### PROBLEM REQUIREMENTS
Beginning with the line that has "Gina Hanauer Reimershagen", write out each line down to the end of the records below exactly, and include no pictures.
[EXTRACTED ENTRIES]
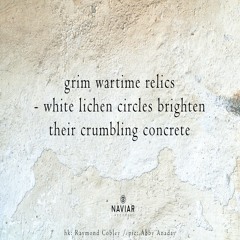 halF relicS [naviarhaiku414]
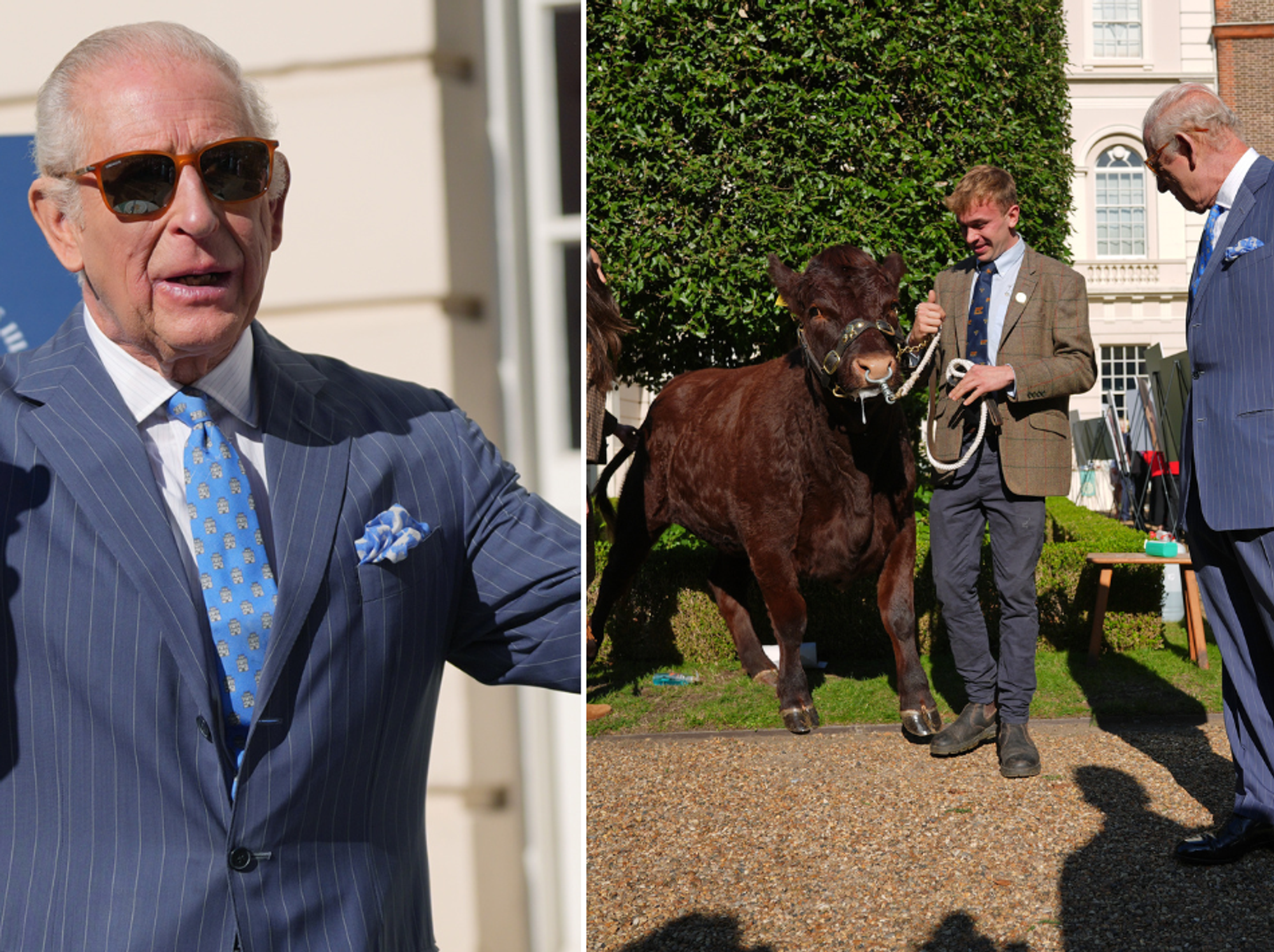 King Charles
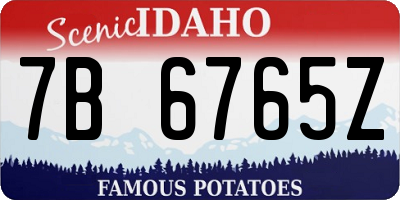 ID license plate 7B6765Z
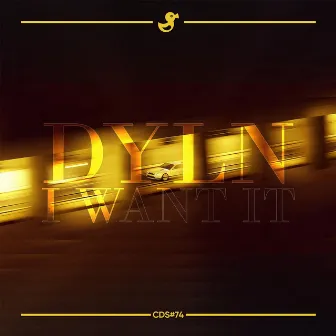 I Want it by DYLN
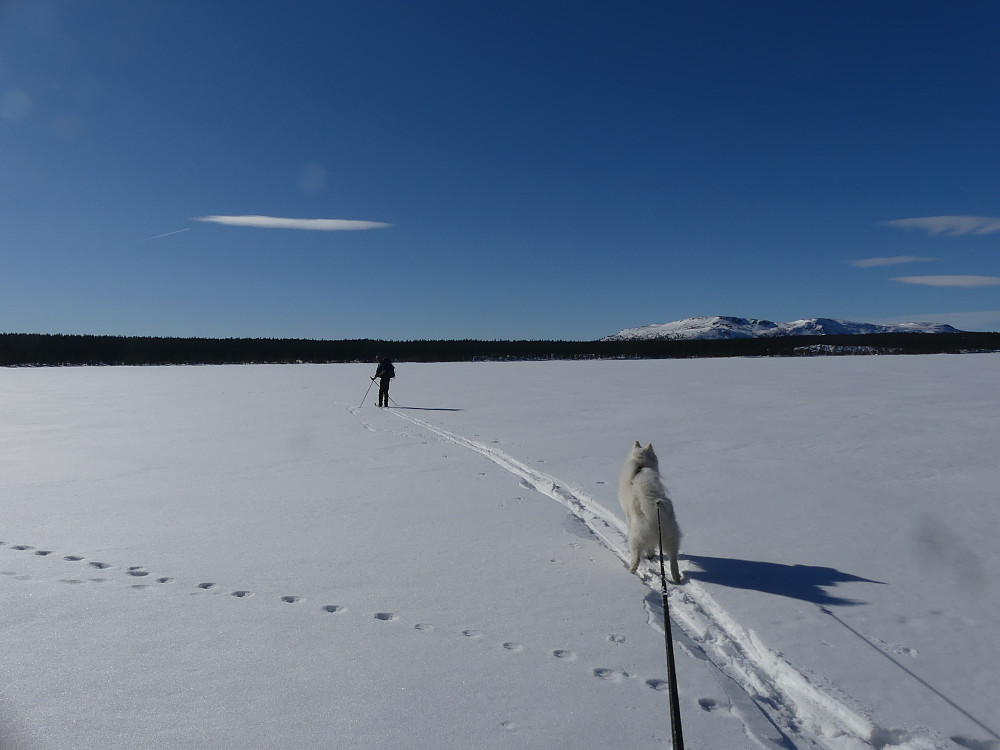 Flott dag i Engerdals fjellheim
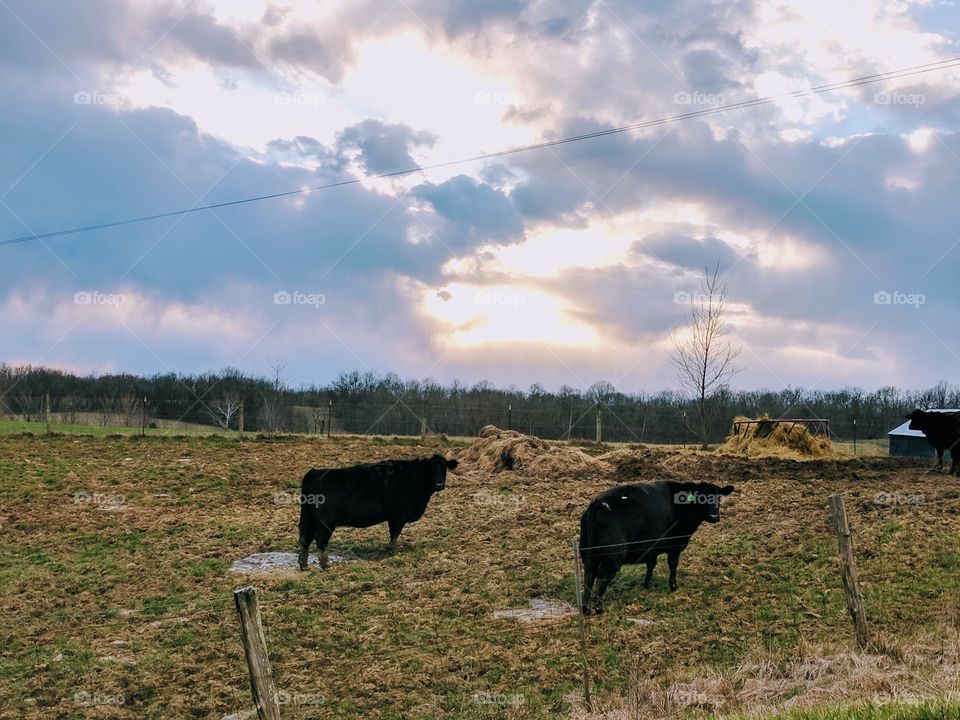 cows at sunset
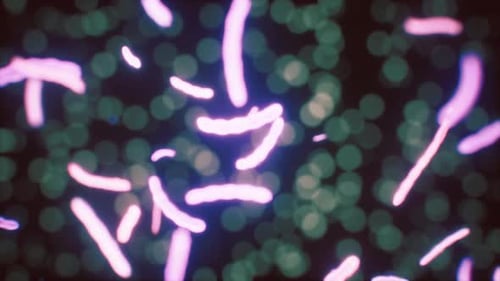 Vírus sob a visão microscópica para a educação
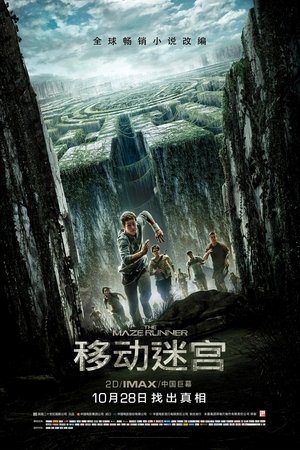 poster The Maze Runner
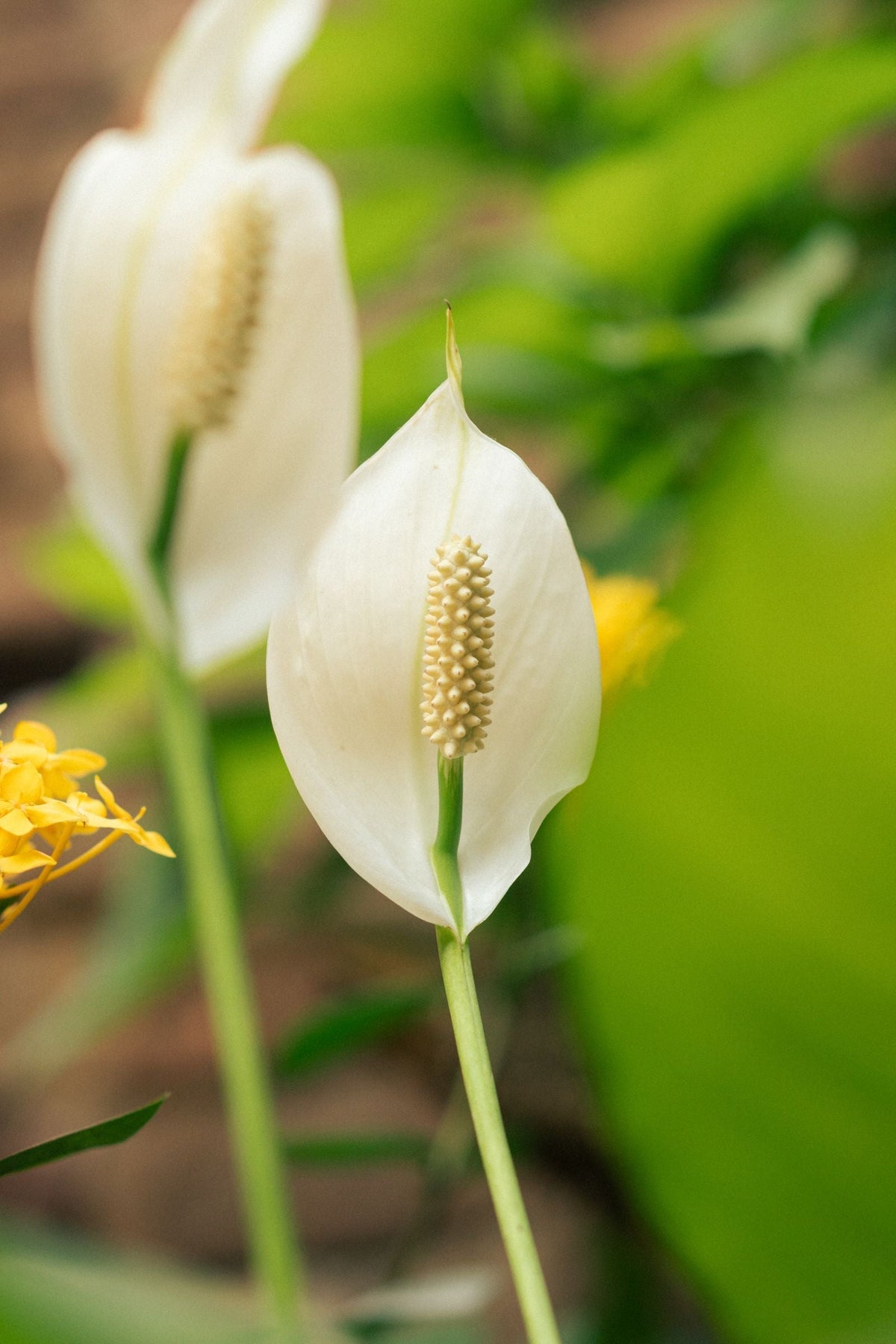 Why Is My Peace Lily Drooping? Causes and How to Fix It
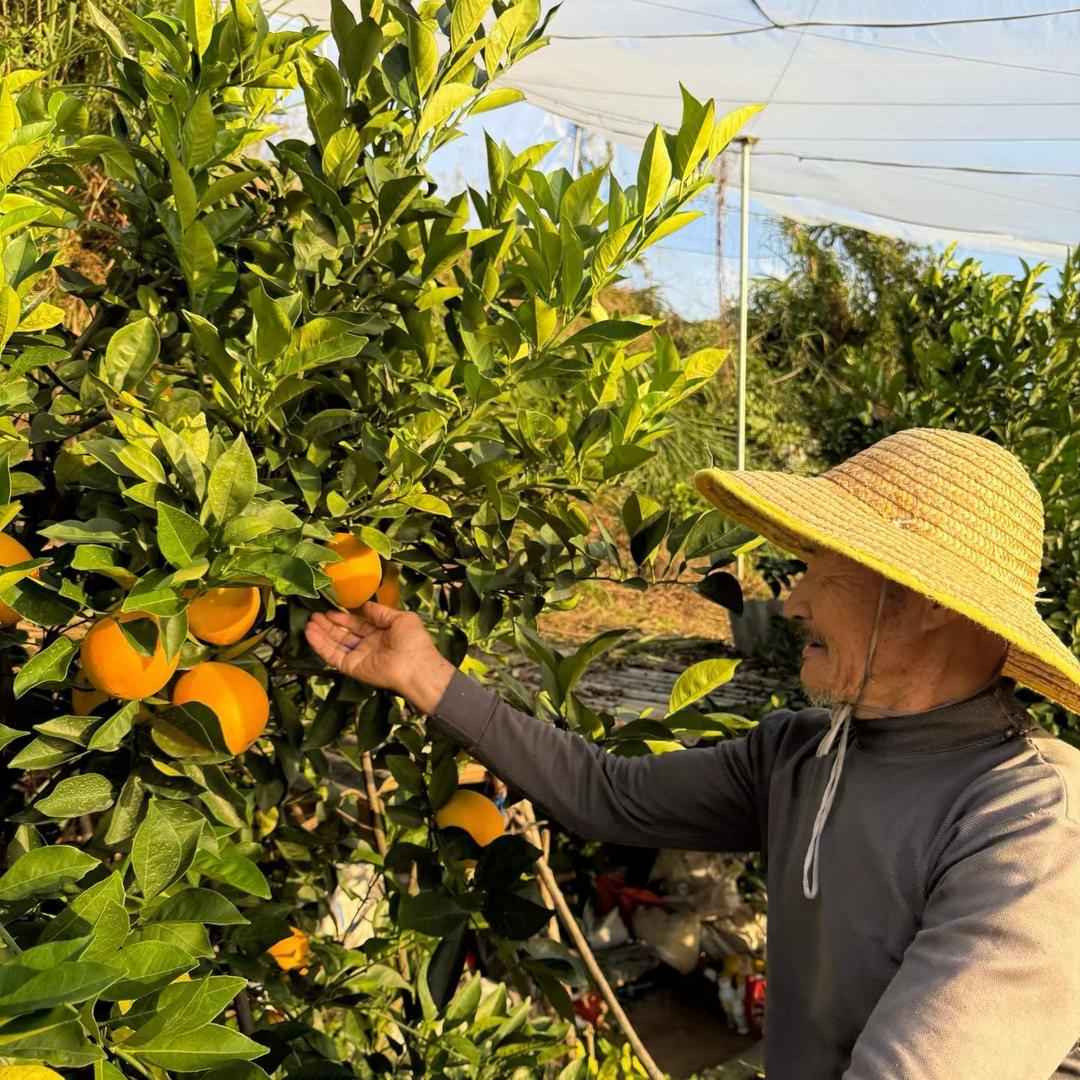 思维君助农（赣南脐橙专场）
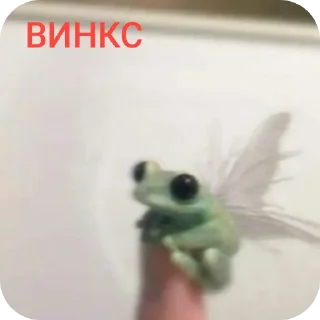 🐦 emoji Жабы рулят Telegram sticker 12 of 16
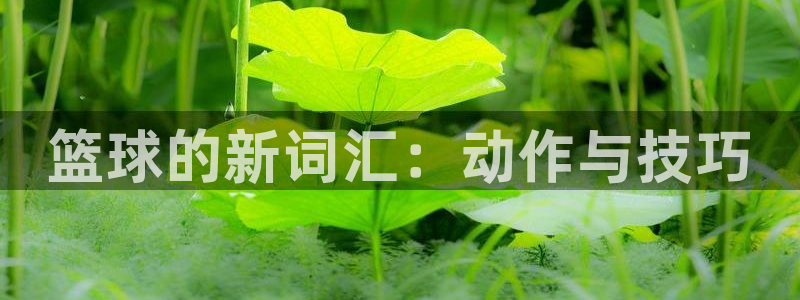 凯发官网下载招商电话号码是多少:篮球的新词汇:动作与技巧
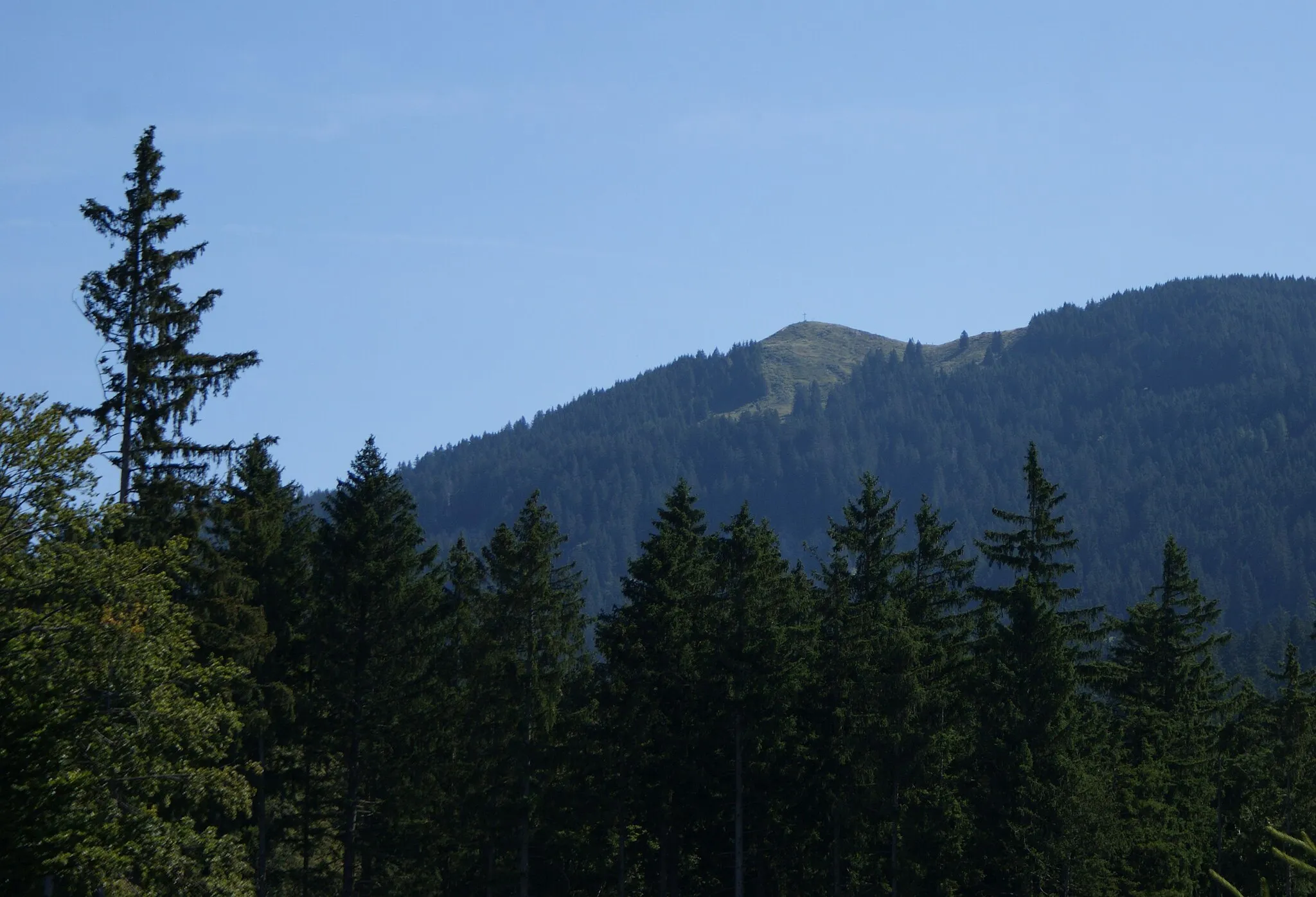 Photo showing: Goetzner Moos (also Orsanka Moos) is a bog in the muncipality of Goetzis (Vorarlberg, Austria) in the "Hohe Kugel - Hoher Freschen - Mellental" nature reserve. The bog is about 26.24 hectares in size on 1100 masl.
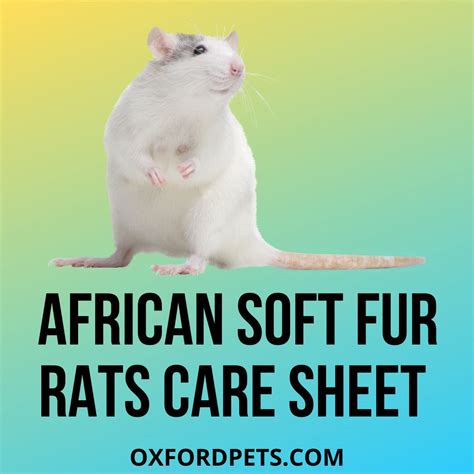 African Soft Fur Rats Care Sheet Facts 101 Oxford Pets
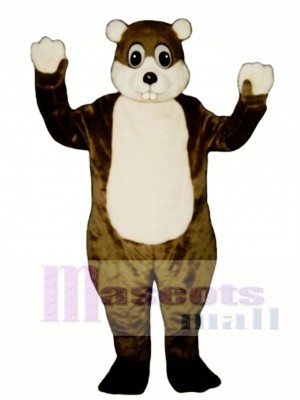 Woodchuck Mascot Costume Animal 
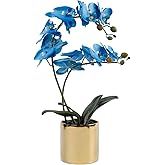 Airbirhom 17“ Artificial Orchid Flowers Potted,Realistic Faux Blue Flowers in Pots for Bathroom Kitchen Home Office Living Room Table Decor Indoor Outdoor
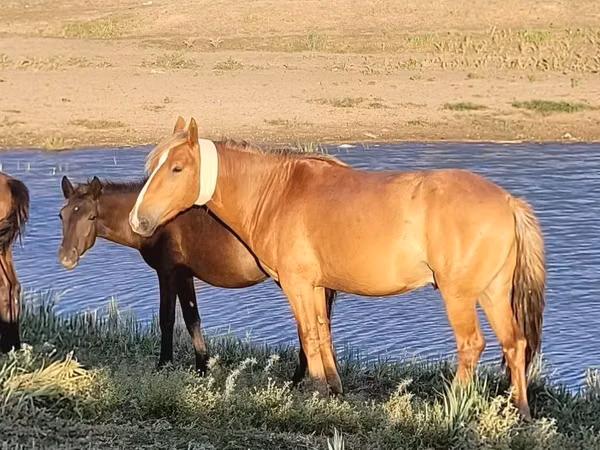 Horse (M), Kazakh horse — Kazakhstan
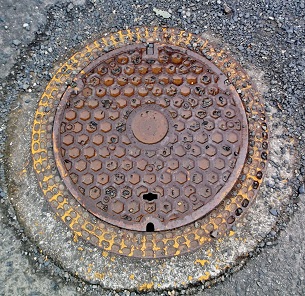 �R�z���h�ΐ���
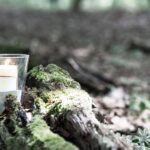 Gina Hanauer Reimershagen Bauernhof Einblicke in nachhaltige Landwirtschaft und regionale Traditionen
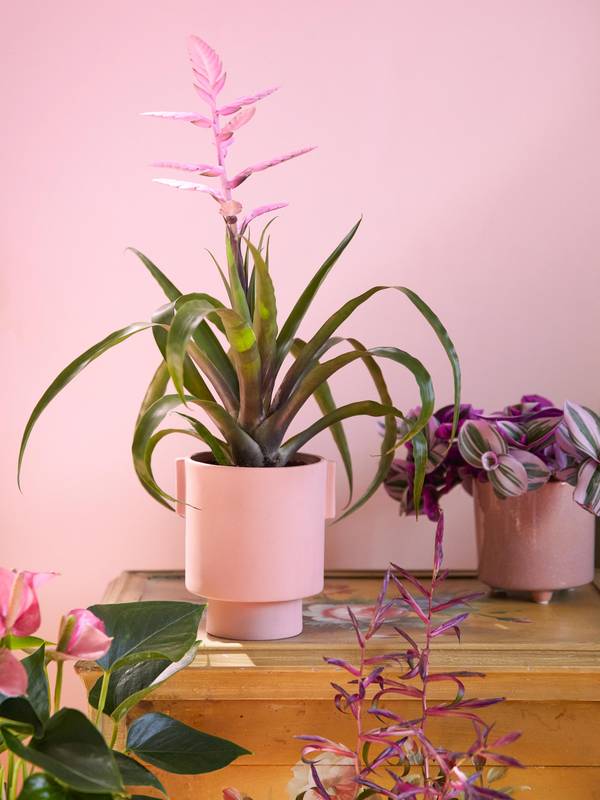 Bromelia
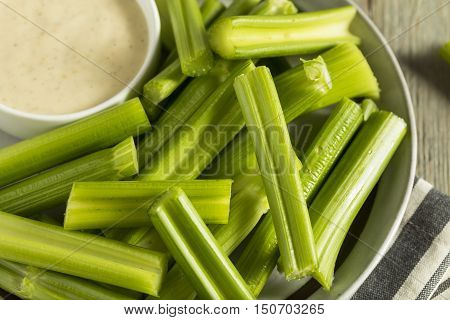 Raw Organic Green Celery Stalks
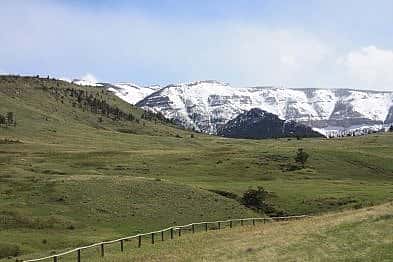 wildflowers in the bighorn basin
[/EXTRACTED ENTRIES]
### TASK RESULT
 Gina Hanauer Reimershagen Bauernhof Einblicke in nachhaltige Landwirtschaft und regionale Traditionen
 Bromelia
 Raw Organic Green Celery Stalks
 wildflowers in the bighorn basin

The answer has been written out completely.